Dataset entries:
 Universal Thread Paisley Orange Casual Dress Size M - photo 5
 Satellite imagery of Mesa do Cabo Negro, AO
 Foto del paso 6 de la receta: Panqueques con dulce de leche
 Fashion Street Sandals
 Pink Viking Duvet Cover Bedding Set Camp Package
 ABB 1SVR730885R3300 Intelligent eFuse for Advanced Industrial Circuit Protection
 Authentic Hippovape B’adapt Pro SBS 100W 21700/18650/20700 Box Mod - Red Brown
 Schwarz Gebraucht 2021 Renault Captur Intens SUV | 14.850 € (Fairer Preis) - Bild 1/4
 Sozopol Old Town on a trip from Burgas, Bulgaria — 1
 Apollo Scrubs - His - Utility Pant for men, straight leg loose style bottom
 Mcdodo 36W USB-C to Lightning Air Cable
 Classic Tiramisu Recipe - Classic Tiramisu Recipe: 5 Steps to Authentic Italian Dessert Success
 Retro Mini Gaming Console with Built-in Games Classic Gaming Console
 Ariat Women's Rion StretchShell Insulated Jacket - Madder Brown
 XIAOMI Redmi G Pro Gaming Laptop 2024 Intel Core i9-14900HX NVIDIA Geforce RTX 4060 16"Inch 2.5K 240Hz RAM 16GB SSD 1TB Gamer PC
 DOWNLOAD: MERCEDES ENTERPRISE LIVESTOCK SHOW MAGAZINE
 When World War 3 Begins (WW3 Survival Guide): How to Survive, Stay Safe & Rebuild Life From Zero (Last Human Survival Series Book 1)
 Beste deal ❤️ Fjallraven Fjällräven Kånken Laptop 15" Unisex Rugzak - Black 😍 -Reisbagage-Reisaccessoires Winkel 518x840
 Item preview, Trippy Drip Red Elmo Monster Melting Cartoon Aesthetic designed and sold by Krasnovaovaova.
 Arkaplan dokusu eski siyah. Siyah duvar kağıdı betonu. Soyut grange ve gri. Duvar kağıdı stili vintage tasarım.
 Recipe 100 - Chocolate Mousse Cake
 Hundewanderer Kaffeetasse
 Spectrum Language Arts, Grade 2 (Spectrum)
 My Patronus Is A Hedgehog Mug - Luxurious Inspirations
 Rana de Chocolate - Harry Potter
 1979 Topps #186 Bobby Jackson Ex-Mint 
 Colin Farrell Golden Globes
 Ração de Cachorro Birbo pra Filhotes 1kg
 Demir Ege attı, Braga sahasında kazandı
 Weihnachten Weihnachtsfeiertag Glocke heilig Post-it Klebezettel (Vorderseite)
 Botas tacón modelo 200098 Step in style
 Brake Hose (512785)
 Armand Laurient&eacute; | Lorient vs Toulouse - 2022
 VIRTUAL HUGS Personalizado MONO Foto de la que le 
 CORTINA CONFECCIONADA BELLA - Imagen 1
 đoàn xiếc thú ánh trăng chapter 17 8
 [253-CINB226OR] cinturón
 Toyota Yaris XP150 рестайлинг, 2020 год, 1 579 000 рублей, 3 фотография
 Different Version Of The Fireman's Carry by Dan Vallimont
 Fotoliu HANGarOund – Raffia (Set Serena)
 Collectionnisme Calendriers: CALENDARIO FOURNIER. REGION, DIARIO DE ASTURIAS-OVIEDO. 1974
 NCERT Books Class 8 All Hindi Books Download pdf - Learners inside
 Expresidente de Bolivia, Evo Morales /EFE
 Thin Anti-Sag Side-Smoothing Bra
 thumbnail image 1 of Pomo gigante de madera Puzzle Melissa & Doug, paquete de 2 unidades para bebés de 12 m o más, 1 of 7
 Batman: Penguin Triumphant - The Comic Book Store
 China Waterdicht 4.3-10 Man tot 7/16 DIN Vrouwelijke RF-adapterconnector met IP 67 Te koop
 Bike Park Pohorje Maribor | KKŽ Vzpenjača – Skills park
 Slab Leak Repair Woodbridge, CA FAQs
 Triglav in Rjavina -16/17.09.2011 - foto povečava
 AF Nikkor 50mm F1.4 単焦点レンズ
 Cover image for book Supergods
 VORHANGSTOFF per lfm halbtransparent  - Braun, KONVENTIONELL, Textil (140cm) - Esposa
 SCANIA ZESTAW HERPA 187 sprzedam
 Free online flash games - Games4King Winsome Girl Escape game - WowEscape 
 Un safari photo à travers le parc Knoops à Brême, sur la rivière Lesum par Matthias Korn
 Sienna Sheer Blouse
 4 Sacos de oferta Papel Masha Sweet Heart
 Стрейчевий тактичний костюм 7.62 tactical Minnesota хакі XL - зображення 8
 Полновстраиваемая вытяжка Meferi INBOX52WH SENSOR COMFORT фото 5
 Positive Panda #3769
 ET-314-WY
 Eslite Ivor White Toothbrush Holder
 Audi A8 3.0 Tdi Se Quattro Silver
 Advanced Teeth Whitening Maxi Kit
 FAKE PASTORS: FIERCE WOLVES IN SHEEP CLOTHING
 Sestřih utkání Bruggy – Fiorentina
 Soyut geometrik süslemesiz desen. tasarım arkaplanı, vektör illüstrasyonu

__What is expected__. Please return every line from the first one in the records above down to the line containing "ABB 1SVR730885R3300 Intelligent", including both, exactly as written and nothing more.

__Solution to this problem__.
 Universal Thread Paisley Orange Casual Dress Size M - photo 5
 Satellite imagery of Mesa do Cabo Negro, AO
 Foto del paso 6 de la receta: Panqueques con dulce de leche
 Fashion Street Sandals
 Pink Viking Duvet Cover Bedding Set Camp Package
 ABB 1SVR730885R3300 Intelligent eFuse for Advanced Industrial Circuit Protection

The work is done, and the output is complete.